Come chiarito dalla su riferita Cass. n. 9402/2007, nel processo tributario, le dichiarazioni del terzo -acquisite e trasfuse nel processo verbale di constatazione, a sua volta recepito nell’avviso di accertamento – hanno per lo più valore meramente indiziario, per cui concorrono a formare il convincimento del giudice, se confortate da altri elementi di prova. Tuttavia, tali dichiarazioni – nel concorso di particolari circostanze – possono rivestire i caratteri della presunzioni (generalmente ammesse nel processo tributario, nonostante il divieto di prova testimoniale) gravi, precise e concordanti, ai sensi dell’art. 2729 c.c., dando luogo, di conseguenza, non ad un mero indizio, bensì ad una prova presuntiva, idonea da sola ad essere posta a fondamento e motivazione dell’avviso di accertamento in rettifica, da parte dell’amministrazione finanziaria.
Ciò in particolare accade quando le dichiarazioni rese a verbale dal terzo si segnalino come dotate di una particolare attendibilità ed affidabilità, poichè aventi natura confessoria, per le conseguenze negative che possano derivarne a carico del terzo medesimo (conformi le successive Cass. n. 9876/2011; Cass. n. 10885/2022).

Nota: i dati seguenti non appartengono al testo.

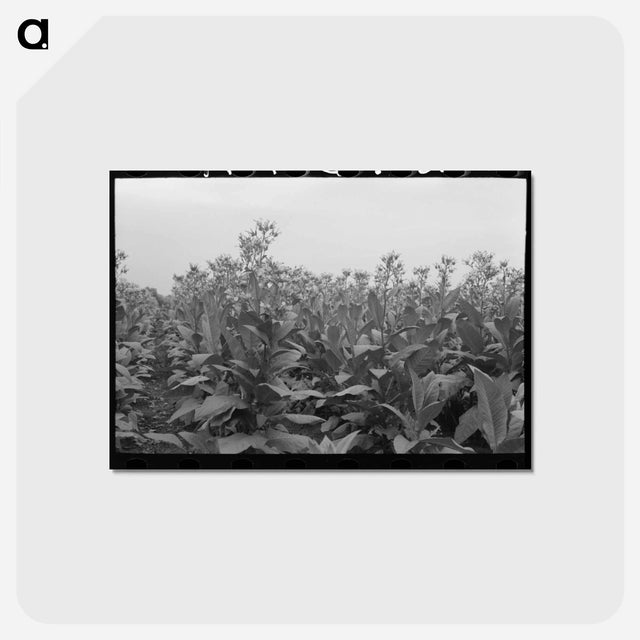 アートポストカード-Flowering Tobacco Field
 - ラッセル リー Postcard.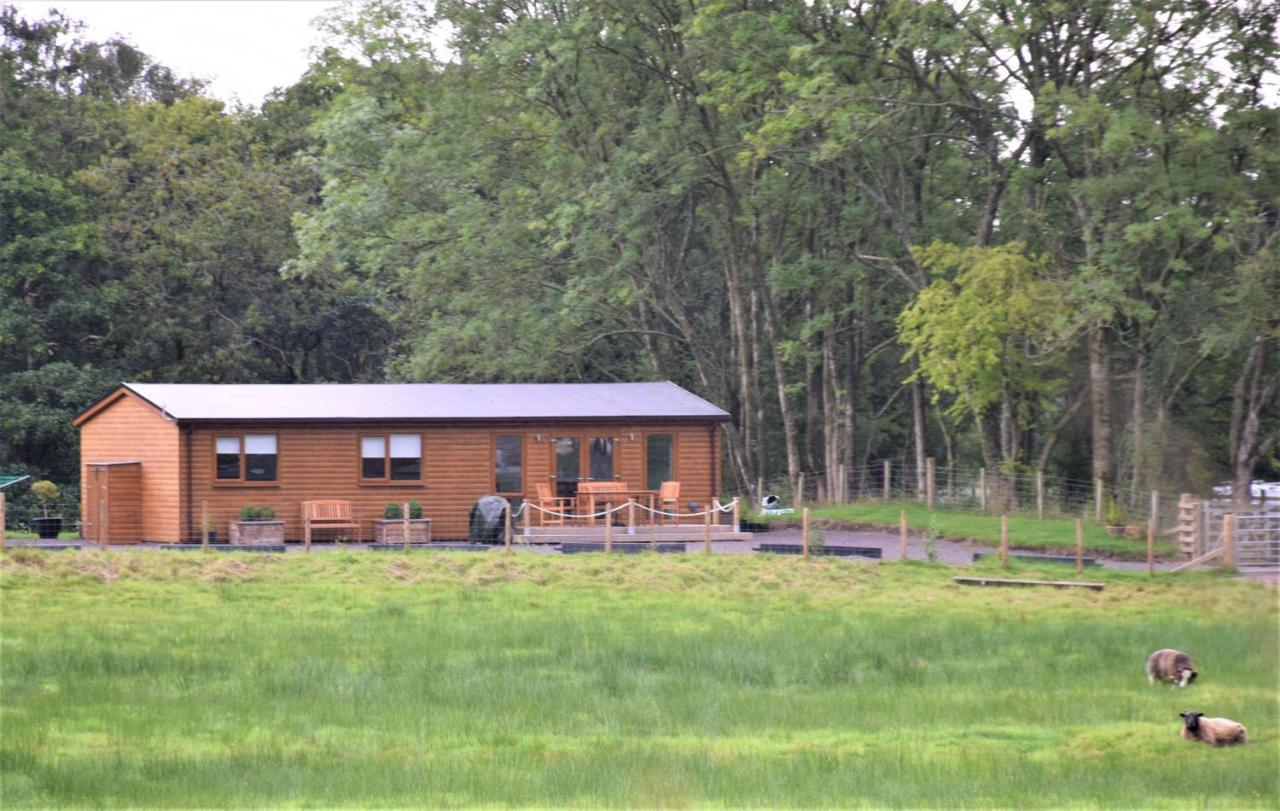 Ridge View Lodge دومفريس المظهر الخارجي الصورة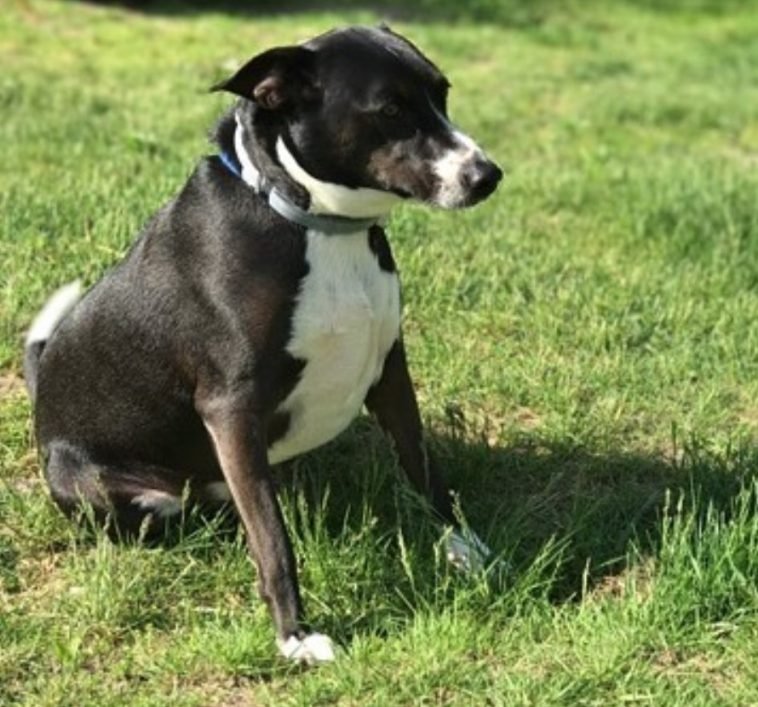 16 Labradors Mixed With Jack Russell Terrier The Paws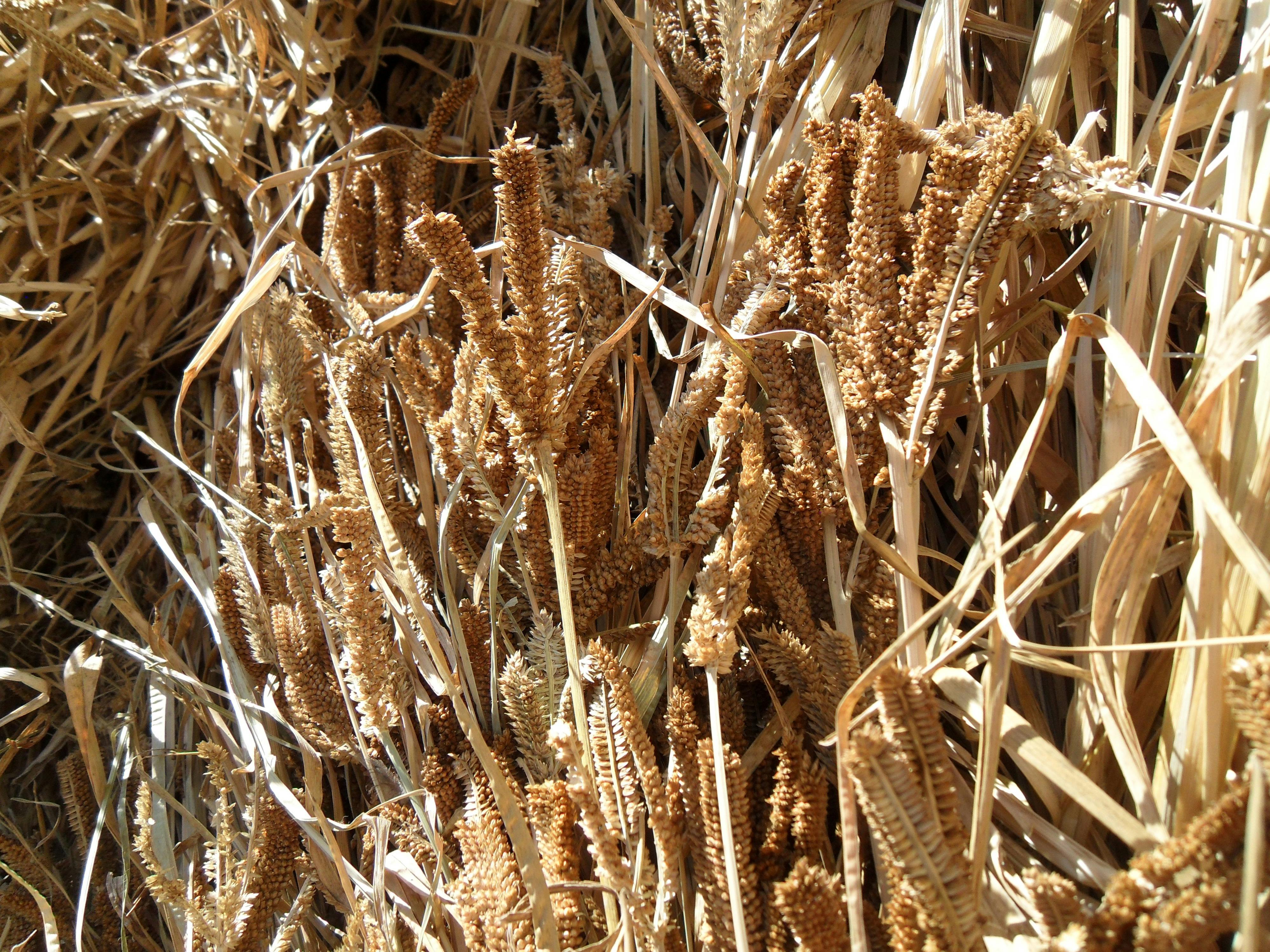 Free stock photo of African Millet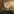 Soldier combat mission: encounter action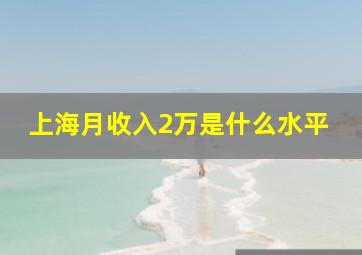 上海月收入2万是什么水平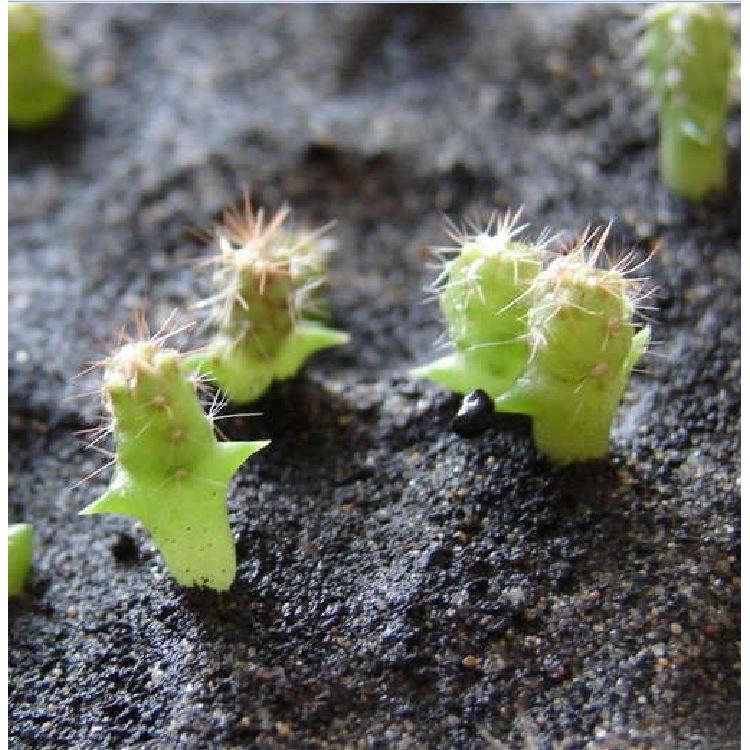 Hạt giống cây hoa xương rồng mix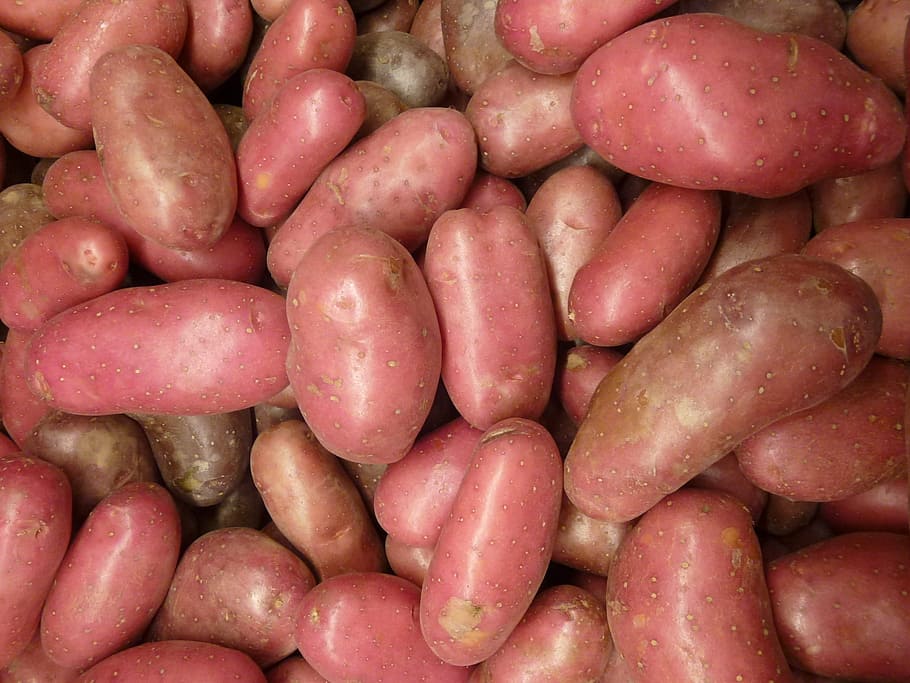 potatoes, spuds, vegetable, organic, nutrition, natural, healthy HD wallpaper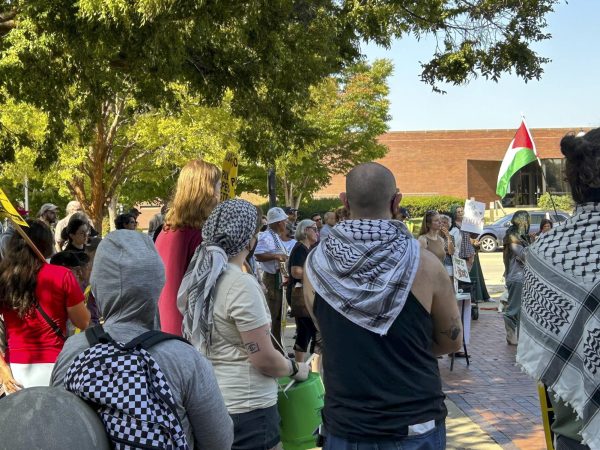 Protestors demand action at Champaign Courthouse, ask for ceasefire resolution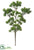 Silk Plants Direct Ming Pine Spray - Green Gray - Pack of 24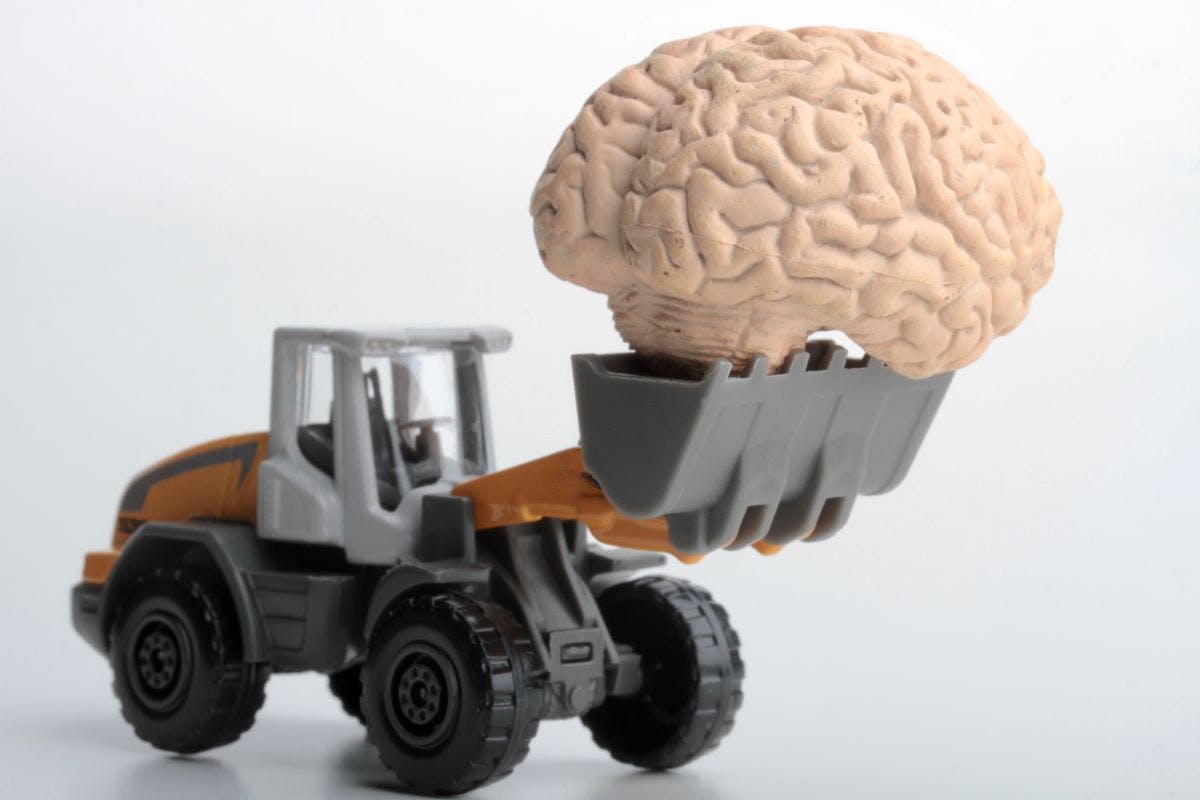 66ec48e6a1ff22bc65805268 Shutterstock 2226232223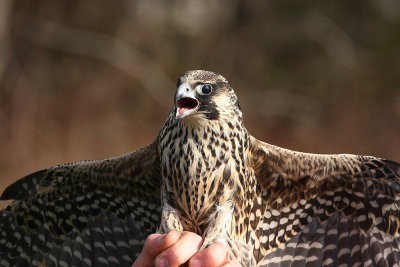 Peregrine Falcon release!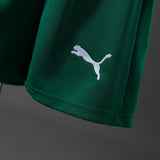 Kids Palmeiras Away Jersey 2026/27 Football Kit Soccer Shirt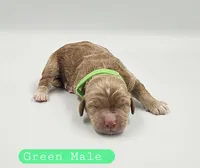 Green Male, a male Cockapoo for sale in Mocksville, NC – 2 of 4
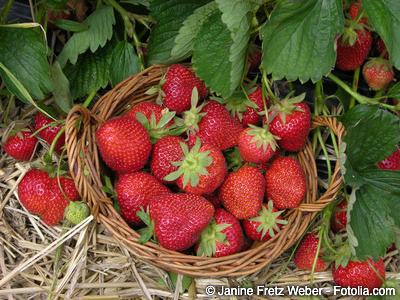 Erdbeeren Ernte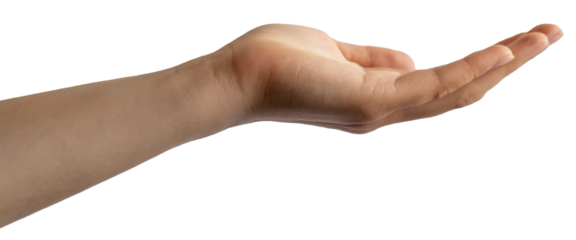 手　受ける　PNG　切り抜き　ai生成画像

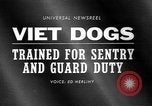 Image of German Shepard dog Vietnam, 1967, second 3 stock footage video 65675043045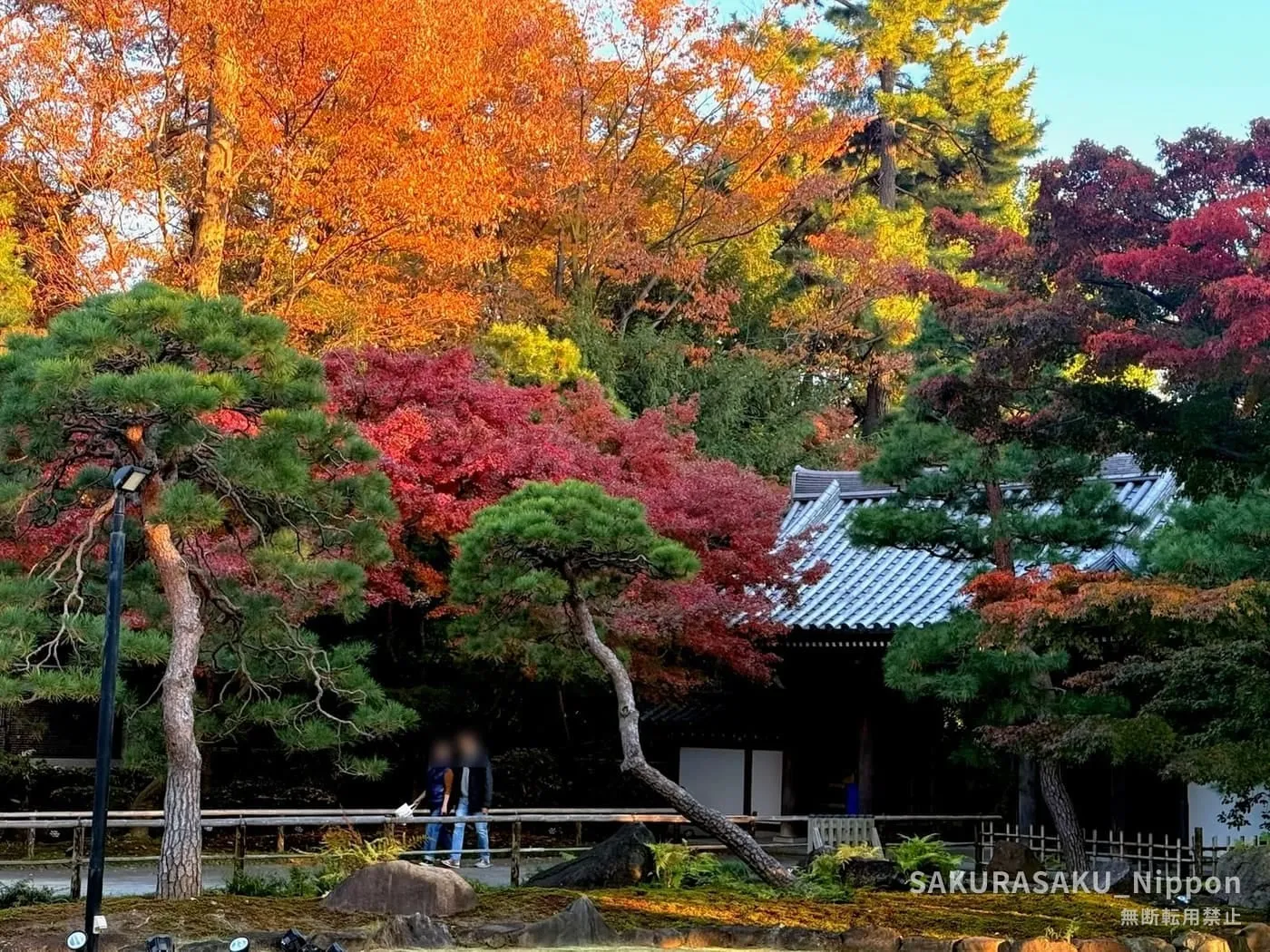 The garden path beneath the maples and pines, with the temple hall behind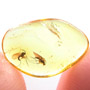 Baltic Two Dark Winged Fungus Gnats In Dominican Amber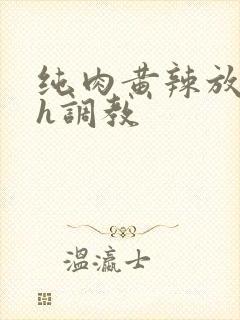 纯肉黄辣放荡高h调教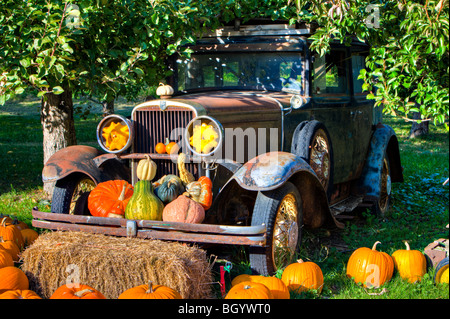 Oldtimer und Kürbisse auf dem Display an einem produzieren stall in Keremeos, Okanagan-Similkameen Region Okanagan, Britisch-Kolumbien, Dose Stockfoto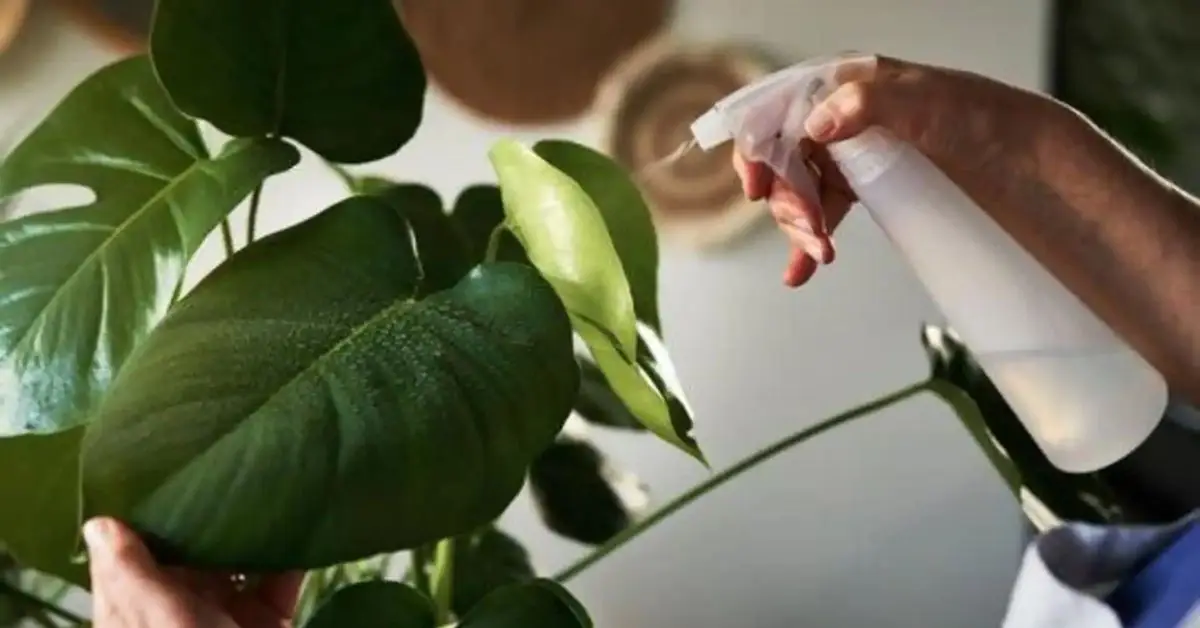 How to Get Rid of Aphids on Houseplants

A tali principi si è esattamente attenuta la CTR laddove ha richiamato al par. 6.1. le conseguenze sfavorevoli della dichiarazione del terzo rispetto alla società di cui era rappresentante per poi concludere che l’ufficio avesse fornito una prova presuntiva idonea .
2.5. Il motivo è infine da respingere laddove deduce del tutto genericamente un vizio di motivazione dell’avviso di accertamento, senza peraltro neanche confrontarsi con le statuizioni contenute nel par. 8.3 che esamina le doglianze in tema di motivazione del provvedimento.
Con il secondo motivo, proposto ai sensi dell’art. 360, primo comma, n. 4 c.p.c., si deduce la violazione dell’art. 36 d.lgs. n. 546 del 1992 e dell’art. 7, comma 4, del medesimo decreto laddove la CTR con motivazione insufficiente e contraddittoria ha ritenuto che la dichiarazione resa da un terzo possa da sola essere considerata idonea dimostrazione dell’ac cusa di operazioni oggettivamente inesistenti.
3.1. Il motivo è inammissibile.
In seguito alla riformulazione dell’art. 360, primo comma, n. 5, c.p.c., disposta dall’art. 54 del d.l. n. 83/2012, conv., con modif., dalla l. n. 134/2012, non sono più ammissibili nel ricorso per cassazione le censure di contraddittorietà e insufficienza della motivazione della sentenza di merito impugnata, in quanto il sindacato di legittimità sulla motivazione resta circoscritto alla sola verifica del rispetto del «minimo costituzionale» richiesto dall’art. 111, sesto comma, Cost., che viene violato qualora la motivazione sia totalmente mancante o meramente apparente, ovvero si fondi su un contrasto irriducibile tra affermazioni inconciliabili, o risulti perplessa ed obiettivamente incomprensibile, purché il vizio emerga dal testo della sentenza impugnata, a prescindere dal confronto con le risultanze processuali (Cass., Sez. U., 7/04/2014, n. 8053; Cass. 3/03/2022, n. 7090), vizi che comunque non sussistano nel caso di specie alla luce dell’ampia motivazione resa dalla CTR .
Concludendo il ricorso va respinto, con condanna della ricorrente al pagamento RAGIONE_SOCIALE spese di lite.
P.Q.M.
rigetta il ricorso; condanna la ricorrente al pagamento RAGIONE_SOCIALE spese di lite in favore dell’RAGIONE_SOCIALE, spese che liquida in euro 2.300,00 per compensi, oltre spese prenotate a debito.
A i sensi dell’art. 13, comma 1 -quater , del d.P.R. n. 115 del 2002, inserito dall’art. 1, comma 17 della l. n. 228 del 2012, dà atto della sussistenza dei presupposti processuali per il versamento, da parte della ricorrente, dell’ulteriore importo a titolo di contributo unificato pari a quello previsto per il ricorso, a norma del comma 1bis dello stesso art. 13, se dovuto.
Così deciso in Roma, il 2 dicembre 2025.